_Work request_
Word for word, please restate the line containing "سعر الذهب اليوم" and all the lines that follow it to the end of the data.

_Data under study_
══════

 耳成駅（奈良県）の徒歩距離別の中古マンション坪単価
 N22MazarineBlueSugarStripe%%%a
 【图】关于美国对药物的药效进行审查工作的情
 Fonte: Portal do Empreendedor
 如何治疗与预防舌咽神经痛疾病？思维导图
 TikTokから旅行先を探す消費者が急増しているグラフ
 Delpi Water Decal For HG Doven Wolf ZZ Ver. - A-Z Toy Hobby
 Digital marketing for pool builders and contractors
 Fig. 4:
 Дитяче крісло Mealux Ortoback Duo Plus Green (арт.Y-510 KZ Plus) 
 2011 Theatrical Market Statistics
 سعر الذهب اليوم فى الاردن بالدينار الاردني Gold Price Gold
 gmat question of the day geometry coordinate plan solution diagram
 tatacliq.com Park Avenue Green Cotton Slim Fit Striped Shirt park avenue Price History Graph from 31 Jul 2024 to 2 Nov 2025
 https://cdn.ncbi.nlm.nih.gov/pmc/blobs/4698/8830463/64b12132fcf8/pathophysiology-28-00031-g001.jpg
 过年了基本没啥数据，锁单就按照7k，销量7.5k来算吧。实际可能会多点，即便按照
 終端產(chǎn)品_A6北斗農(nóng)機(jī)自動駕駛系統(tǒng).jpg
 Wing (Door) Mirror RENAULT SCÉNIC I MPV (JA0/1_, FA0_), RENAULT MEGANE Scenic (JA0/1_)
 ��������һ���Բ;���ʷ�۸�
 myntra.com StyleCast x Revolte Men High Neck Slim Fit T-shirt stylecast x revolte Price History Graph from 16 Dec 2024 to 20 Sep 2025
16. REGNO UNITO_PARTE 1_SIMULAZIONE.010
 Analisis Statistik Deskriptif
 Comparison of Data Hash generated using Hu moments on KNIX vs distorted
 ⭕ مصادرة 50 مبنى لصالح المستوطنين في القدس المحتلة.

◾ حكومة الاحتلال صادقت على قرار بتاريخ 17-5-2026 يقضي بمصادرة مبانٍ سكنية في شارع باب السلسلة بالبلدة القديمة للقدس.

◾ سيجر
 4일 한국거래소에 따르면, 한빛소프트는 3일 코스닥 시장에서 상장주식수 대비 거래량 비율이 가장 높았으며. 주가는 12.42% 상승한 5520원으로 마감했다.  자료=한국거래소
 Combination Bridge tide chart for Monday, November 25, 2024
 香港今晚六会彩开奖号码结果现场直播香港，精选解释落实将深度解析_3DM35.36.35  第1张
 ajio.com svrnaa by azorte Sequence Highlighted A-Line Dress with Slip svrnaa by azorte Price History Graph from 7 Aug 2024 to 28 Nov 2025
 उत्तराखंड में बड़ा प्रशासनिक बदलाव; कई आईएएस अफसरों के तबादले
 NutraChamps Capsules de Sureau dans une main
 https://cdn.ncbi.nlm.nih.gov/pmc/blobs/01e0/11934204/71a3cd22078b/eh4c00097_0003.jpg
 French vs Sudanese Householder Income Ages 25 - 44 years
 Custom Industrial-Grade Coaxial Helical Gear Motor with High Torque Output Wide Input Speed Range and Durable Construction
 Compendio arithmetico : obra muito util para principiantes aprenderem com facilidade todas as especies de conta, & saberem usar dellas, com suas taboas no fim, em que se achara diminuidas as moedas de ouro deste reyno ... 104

══════

_Task solution_
 سعر الذهب اليوم فى الاردن بالدينار الاردني Gold Price Gold
 gmat question of the day geometry coordinate plan solution diagram
 tatacliq.com Park Avenue Green Cotton Slim Fit Striped Shirt park avenue Price History Graph from 31 Jul 2024 to 2 Nov 2025
 https://cdn.ncbi.nlm.nih.gov/pmc/blobs/4698/8830463/64b12132fcf8/pathophysiology-28-00031-g001.jpg
 过年了基本没啥数据，锁单就按照7k，销量7.5k来算吧。实际可能会多点，即便按照
 終端產(chǎn)品_A6北斗農(nóng)機(jī)自動駕駛系統(tǒng).jpg
 Wing (Door) Mirror RENAULT SCÉNIC I MPV (JA0/1_, FA0_), RENAULT MEGANE Scenic (JA0/1_)
 ��������һ���Բ;���ʷ�۸�
 myntra.com StyleCast x Revolte Men High Neck Slim Fit T-shirt stylecast x revolte Price History Graph from 16 Dec 2024 to 20 Sep 2025
16. REGNO UNITO_PARTE 1_SIMULAZIONE.010
 Analisis Statistik Deskriptif
 Comparison of Data Hash generated using Hu moments on KNIX vs distorted
 ⭕ مصادرة 50 مبنى لصالح المستوطنين في القدس المحتلة.

◾ حكومة الاحتلال صادقت على قرار بتاريخ 17-5-2026 يقضي بمصادرة مبانٍ سكنية في شارع باب السلسلة بالبلدة القديمة للقدس.

◾ سيجر
 4일 한국거래소에 따르면, 한빛소프트는 3일 코스닥 시장에서 상장주식수 대비 거래량 비율이 가장 높았으며. 주가는 12.42% 상승한 5520원으로 마감했다.  자료=한국거래소
 Combination Bridge tide chart for Monday, November 25, 2024
 香港今晚六会彩开奖号码结果现场直播香港，精选解释落实将深度解析_3DM35.36.35  第1张
 ajio.com svrnaa by azorte Sequence Highlighted A-Line Dress with Slip svrnaa by azorte Price History Graph from 7 Aug 2024 to 28 Nov 2025
 उत्तराखंड में बड़ा प्रशासनिक बदलाव; कई आईएएस अफसरों के तबादले
 NutraChamps Capsules de Sureau dans une main
 https://cdn.ncbi.nlm.nih.gov/pmc/blobs/01e0/11934204/71a3cd22078b/eh4c00097_0003.jpg
 French vs Sudanese Householder Income Ages 25 - 44 years
 Custom Industrial-Grade Coaxial Helical Gear Motor with High Torque Output Wide Input Speed Range and Durable Construction
 Compendio arithmetico : obra muito util para principiantes aprenderem com facilidade todas as especies de conta, & saberem usar dellas, com suas taboas no fim, em que se achara diminuidas as moedas de ouro deste reyno ... 104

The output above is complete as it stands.